Urticarial vasculitis is a skin condition characterized by fixed urticarial lesions that appear histologically as a vasculitis.
Antibodies to foreign proteins, as in a virus or invading bacterium, become opsonized/stuck to them highlighting them to other cells of the immune system for clearance.
These autoantibodies are not found in healthy individuals.
C1q is an integral component within the complement pathway, a complicated cascade of protein interactions in an immune response against a broad variety of pathogens.
The anti-C1q antibodies found in patients with hypocomplementemic urticarial vasculitis activate C1q, which activates the entire complement pathway.
Consequently, levels of all complement proteins become low.
Impaired classical complement pathway
The complement pathway is composed of several subset pathways: the lectin/mannose pathway, alternative pathway and the classical pathway.

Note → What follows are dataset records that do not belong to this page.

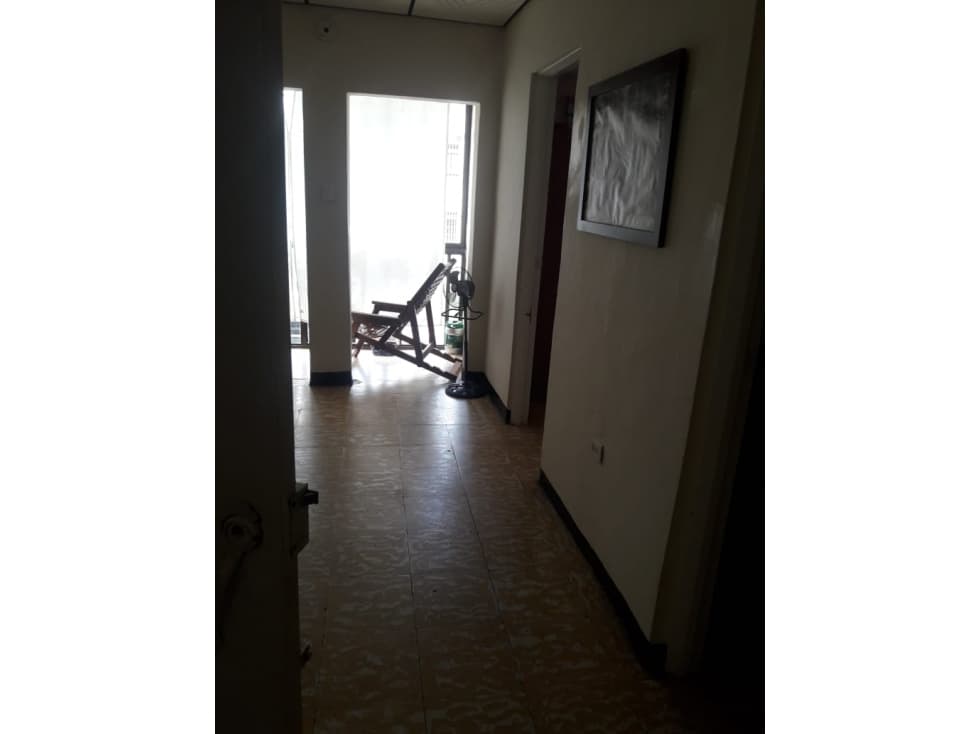 CASA PARA LA VENTA EN EL OCCIDENTE DE ARMENIA Q. - 1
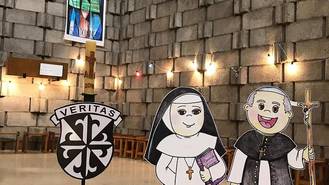 Formación, herramienta para evangelizar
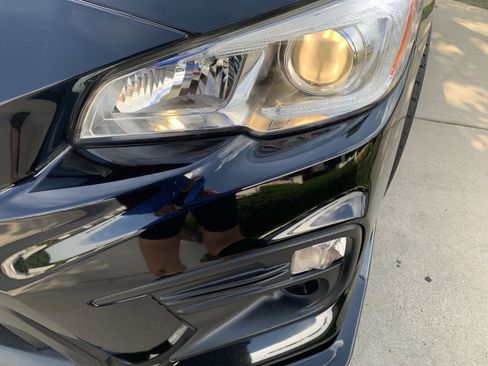 Used 2019 Subaru WRX AWD/4WD image 6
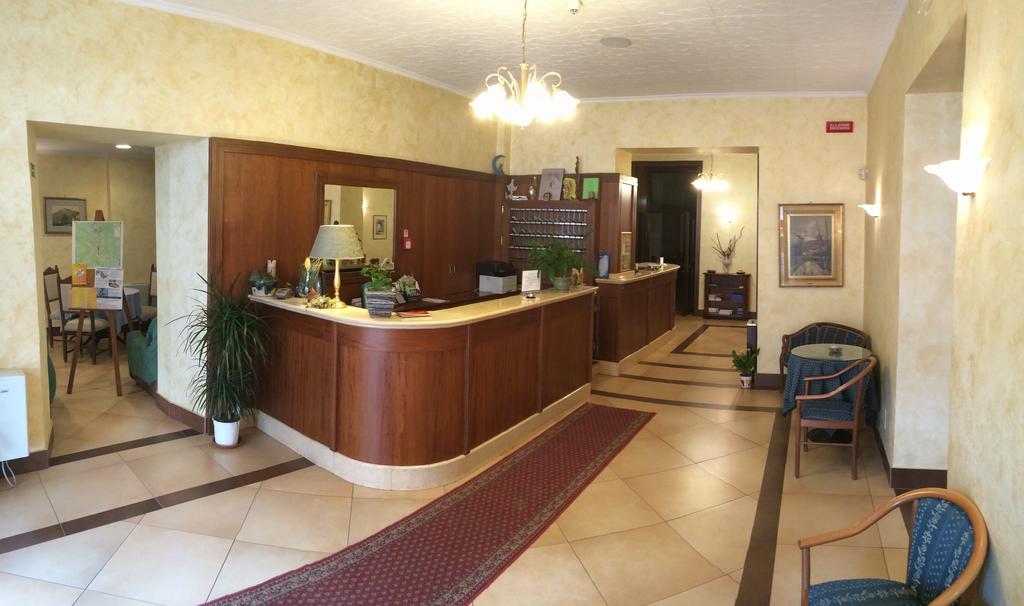 Hotel Villa Laura Ф'юджі Екстер'єр фото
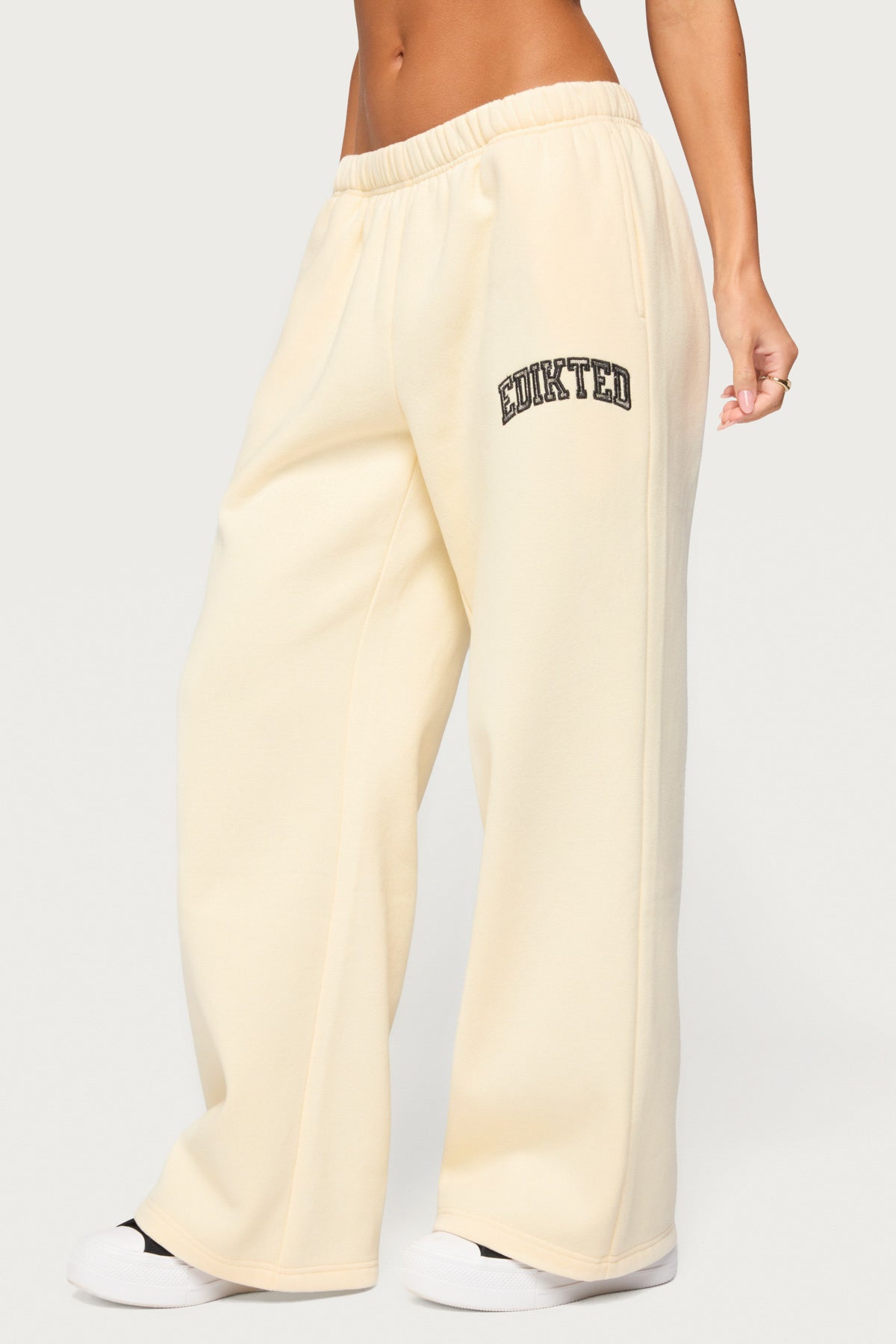 Edikted Crush Sweatpants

All pathways culminate in the production of a C3 convertase, which catalyses C3 into its constitutive parts.
C1q is essential as the first protein to start the complement cascade which ends in the destruction of the invading bacteria or virus, and its ability to link the innate immune system: a broad defense system; and the adaptive immune system: the strong immune response capable of remembering previous infections, allowing fast response against recurrent infections.
Diagnosis is confirmed with the identification of at least two conditions from: venulitis on skin biopsy, arthritis, ocular inflammation, abdominal pain or positive C1q antibodies to immune complexes.
TREATMENT
There are no known specific therapies for HUV.
Treatments include systemic corticosteroids, dapsone, colchicine, hydroxychloroquine, and various immunosuppressant medications, such as methotrexate, mycophenolate, and azathioprine.
Newer targeted medications, including omalizumab and belimumab, are also efficacious.